-- Task to complete --
In the entries below, begin at the line with "1500 Carlisle Court - Photo 3 of 11" and stop after the line with "Traditional Fitted Festival"; output those lines exactly and omit the pictures.

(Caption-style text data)
----------------------------------------
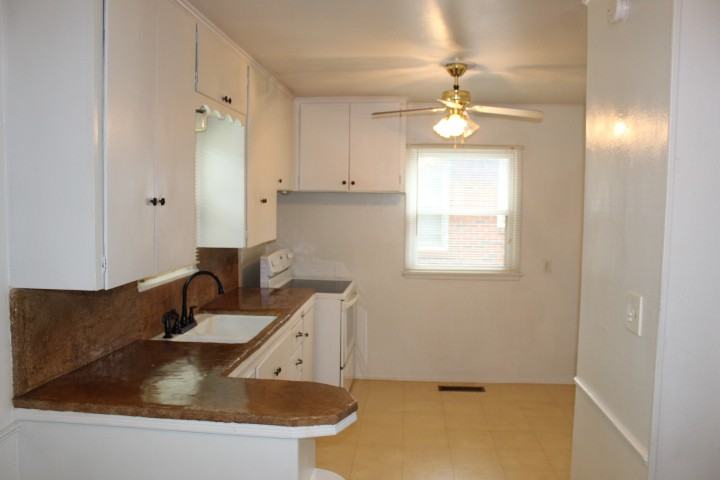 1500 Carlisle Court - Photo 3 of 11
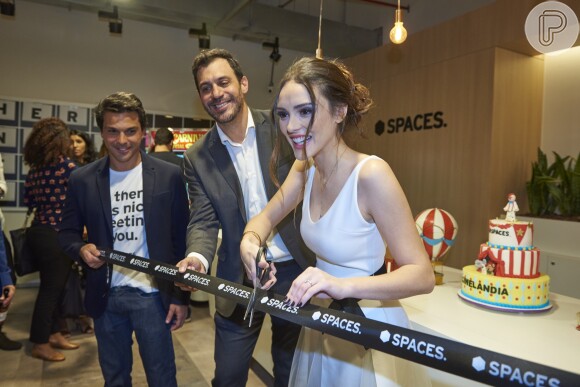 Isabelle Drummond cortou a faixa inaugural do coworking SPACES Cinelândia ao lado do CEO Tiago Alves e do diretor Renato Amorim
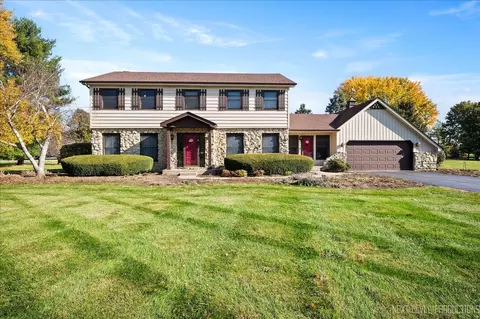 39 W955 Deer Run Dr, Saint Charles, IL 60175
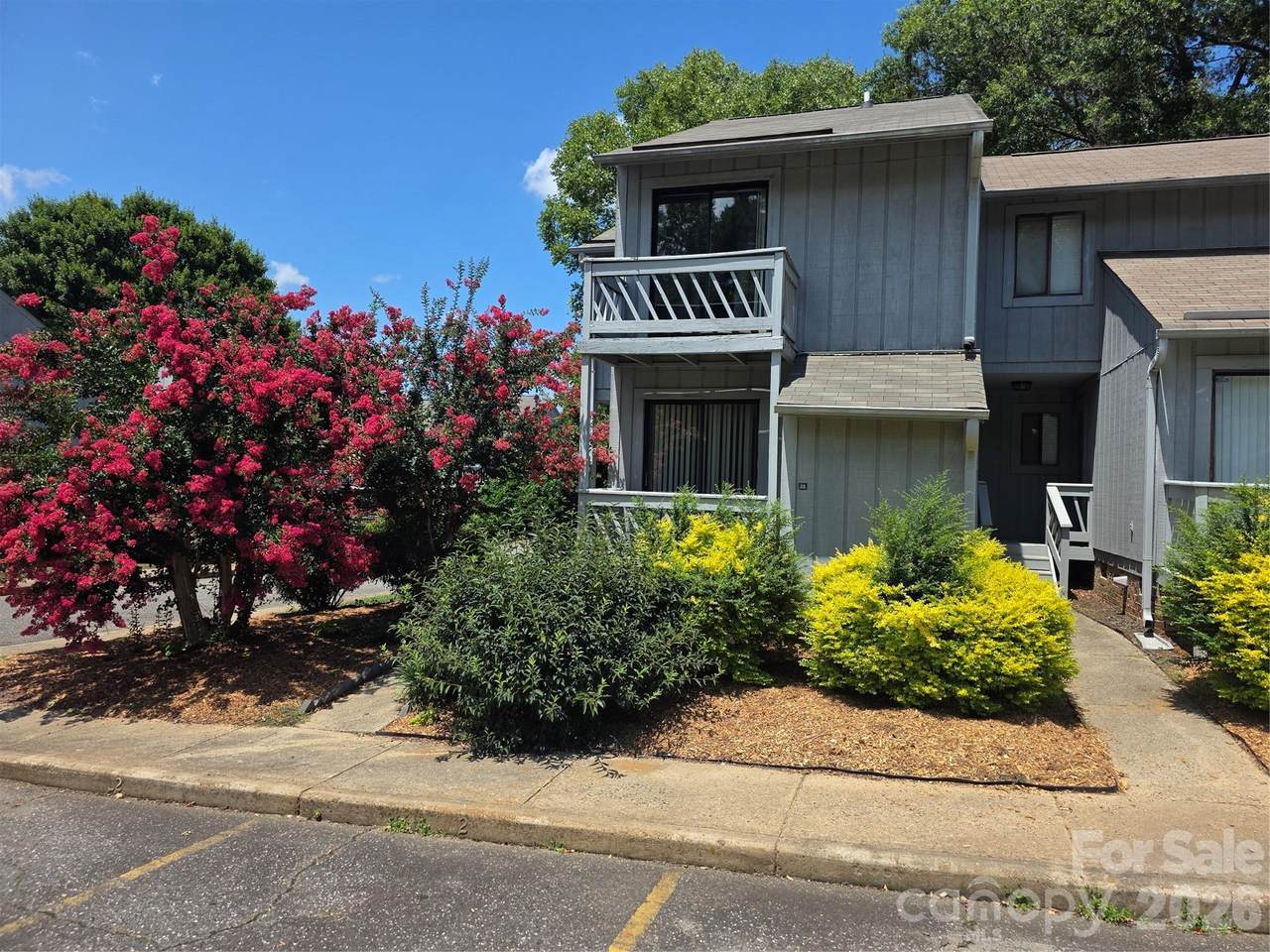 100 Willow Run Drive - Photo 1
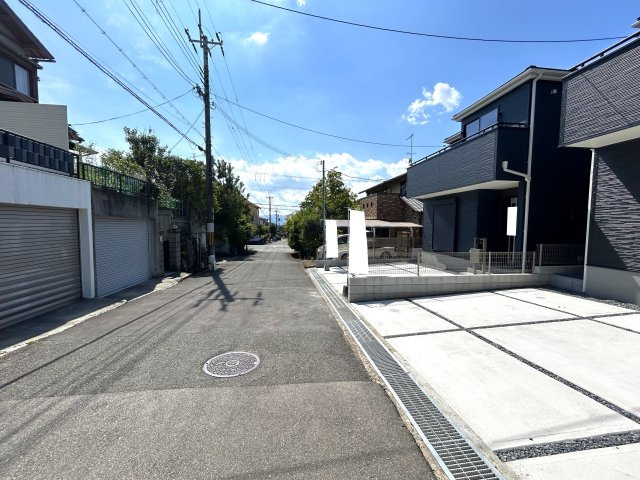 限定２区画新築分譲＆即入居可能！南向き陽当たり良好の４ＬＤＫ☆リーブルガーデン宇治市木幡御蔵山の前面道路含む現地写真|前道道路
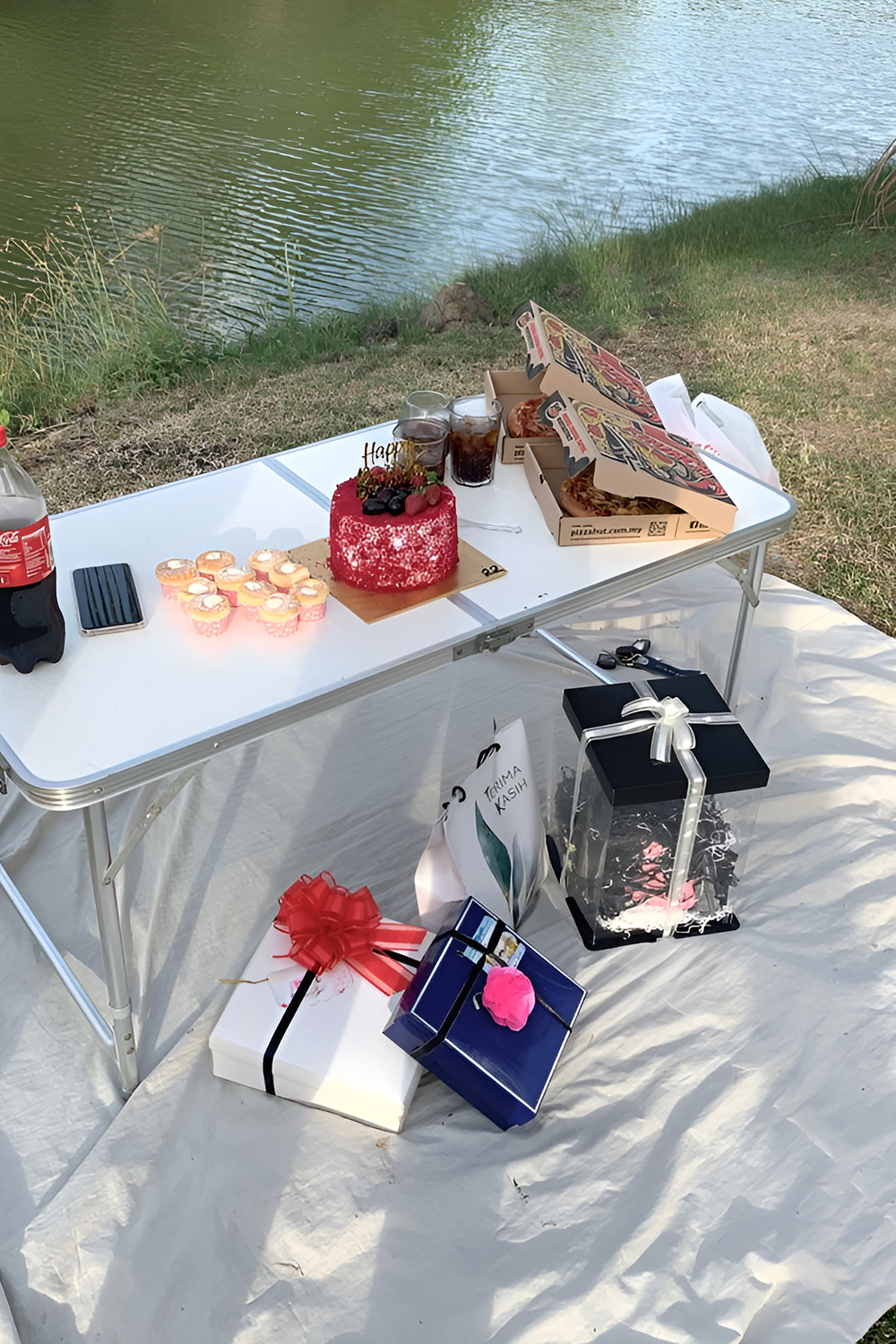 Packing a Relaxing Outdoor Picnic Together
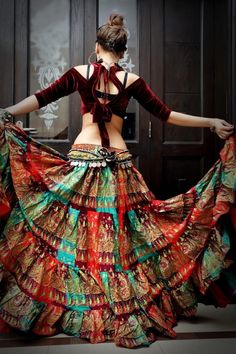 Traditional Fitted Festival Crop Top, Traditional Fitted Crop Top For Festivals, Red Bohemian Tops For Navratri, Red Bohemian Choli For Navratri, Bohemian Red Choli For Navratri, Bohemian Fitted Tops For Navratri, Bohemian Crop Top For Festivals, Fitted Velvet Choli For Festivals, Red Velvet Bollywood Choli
----------------------------------------
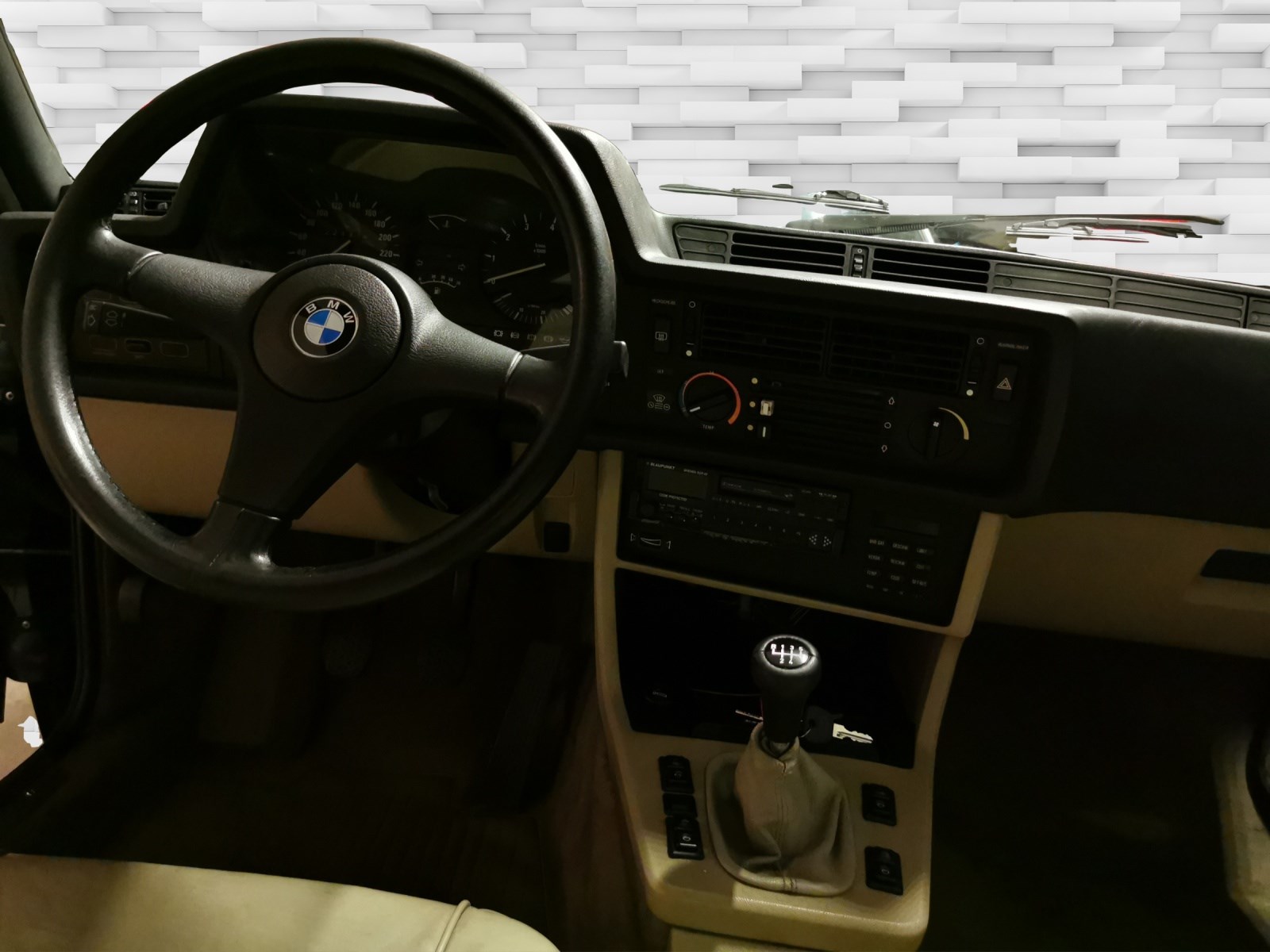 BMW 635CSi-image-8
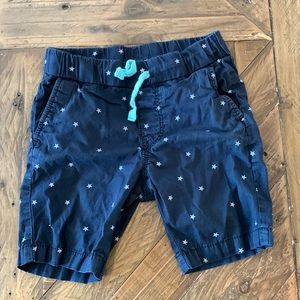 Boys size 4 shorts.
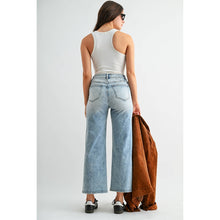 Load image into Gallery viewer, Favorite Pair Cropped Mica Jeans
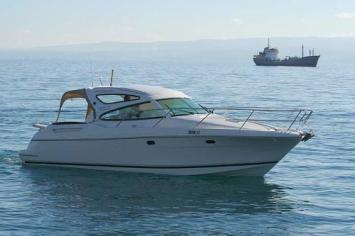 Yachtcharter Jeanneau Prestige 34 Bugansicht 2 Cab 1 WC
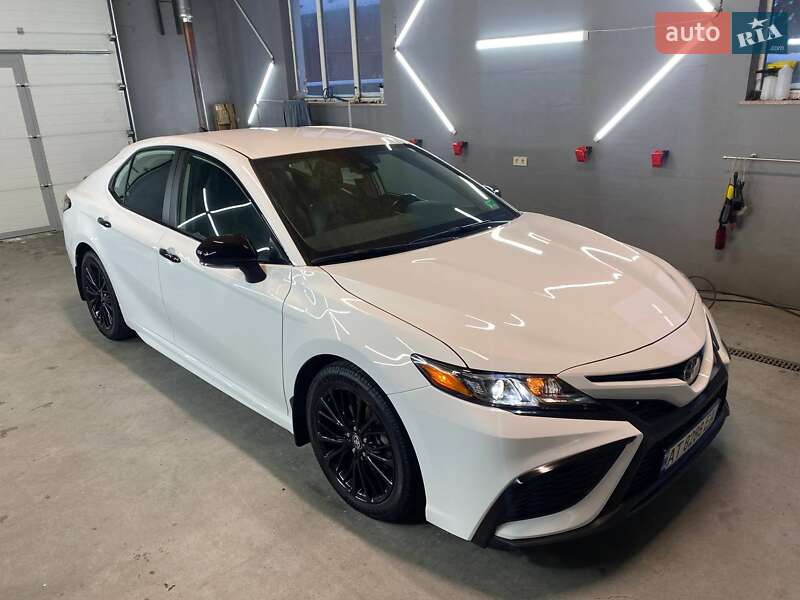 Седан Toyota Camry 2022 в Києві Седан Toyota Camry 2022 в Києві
----------------------------------------
-- The completed task --
 1500 Carlisle Court - Photo 3 of 11
 Isabelle Drummond cortou a faixa inaugural do coworking SPACES Cinelândia ao lado do CEO Tiago Alves e do diretor Renato Amorim
 39 W955 Deer Run Dr, Saint Charles, IL 60175
 100 Willow Run Drive - Photo 1
 限定２区画新築分譲＆即入居可能！南向き陽当たり良好の４ＬＤＫ☆リーブルガーデン宇治市木幡御蔵山の前面道路含む現地写真|前道道路
 Packing a Relaxing Outdoor Picnic Together
 Traditional Fitted Festival Crop Top, Traditional Fitted Crop Top For Festivals, Red Bohemian Tops For Navratri, Red Bohemian Choli For Navratri, Bohemian Red Choli For Navratri, Bohemian Fitted Tops For Navratri, Bohemian Crop Top For Festivals, Fitted Velvet Choli For Festivals, Red Velvet Bollywood Choli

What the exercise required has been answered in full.